Noob Centos Admin schrieb:
On Thu, Feb 19, 2009 at 4:22 AM, Ray Van Dolson <rayvd@bludgeon.org mailto:rayvd@bludgeon.org> wrote:
The other side of the coin (as I think you mentioned) is that many are not comfortable having LVM handle the mirroring. Are its mirroring abilities as mature or fast as md? It's certainly not documented as well at the very least. :)
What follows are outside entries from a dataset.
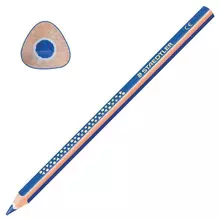Карандаш цветной утолщенный Staedtler "Noris club" 1 шт. трехгранный грифель 4 мм. синий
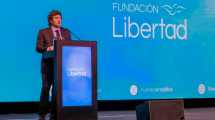 Imagen de Milei junto a Macri y Bullrich en la Fundación Libertad: «Hay que atacar el gasto a nivel nacional, provincial y municipal»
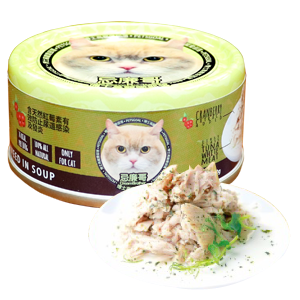 Petsgoal x 忌廉哥 吞拿魚+紫菜 貓罐頭 70g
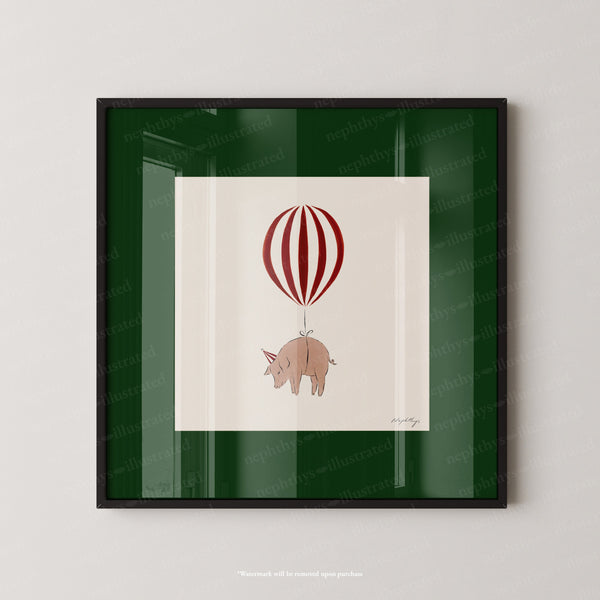 Pig Balloon Personalised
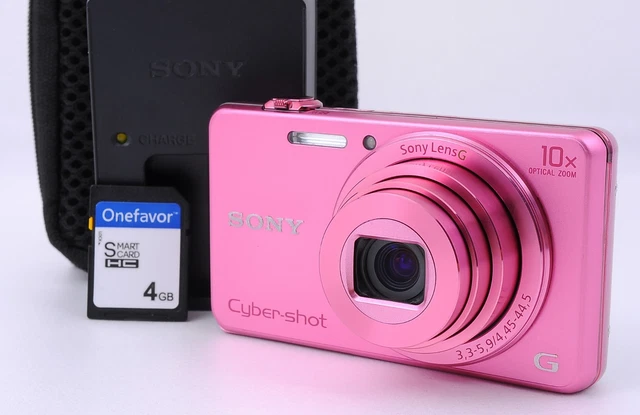 N MINT] SONY Cyber shot DSC-WX220 Pink Digital Camera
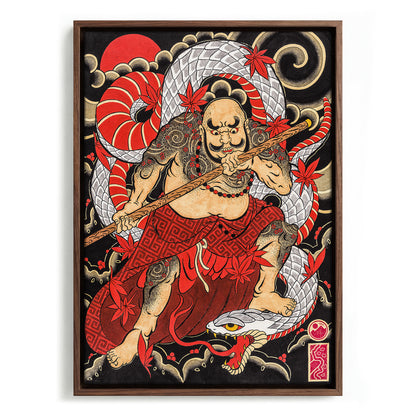 Samurai & Snake canvas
I remember googling for this before setting up a server some weeks ago and somebody did a benchmark. The general conclusion was stick to md for RAID 1, it has better performance. IIRC, one of the reason was while md1 will read from both disk, LVM mirror apparently only reads from the "master" unless it fails.
"md1 will read from both disk" is not true in general. RAID1 md reads from one disk only; it uses the other one in case the first one fails. No performance gain from multiple copies.
You can easily see this for yourself by setting up a RAID1 from e.g. sda1 and sdb1 - /proc/mdstat is:
Personalities : [raid1] md1 : active raid1 sdb1[1] sda1[0] 104320 blocks [2/2] [UU]
and then comparing the output of hdparm -tT :
/dev/sda1: Timing cached reads: 29368 MB in 2.00 seconds = 14711.93 MB/sec Timing buffered disk reads: 100 MB in 0.92 seconds = 108.79 MB/sec
/dev/md1: Timing cached reads: 28000 MB in 2.00 seconds = 14023.66 MB/sec Timing buffered disk reads: 100 MB in 0.95 seconds = 105.81 MB/sec
/dev/sdb1: Timing cached reads: 23780 MB in 2.00 seconds = 11907.30 MB/sec Timing buffered disk reads: 100 MB in 0.98 seconds = 102.51 MB/sec
To get performance gain in RAID1 mode you need hardware RAID1.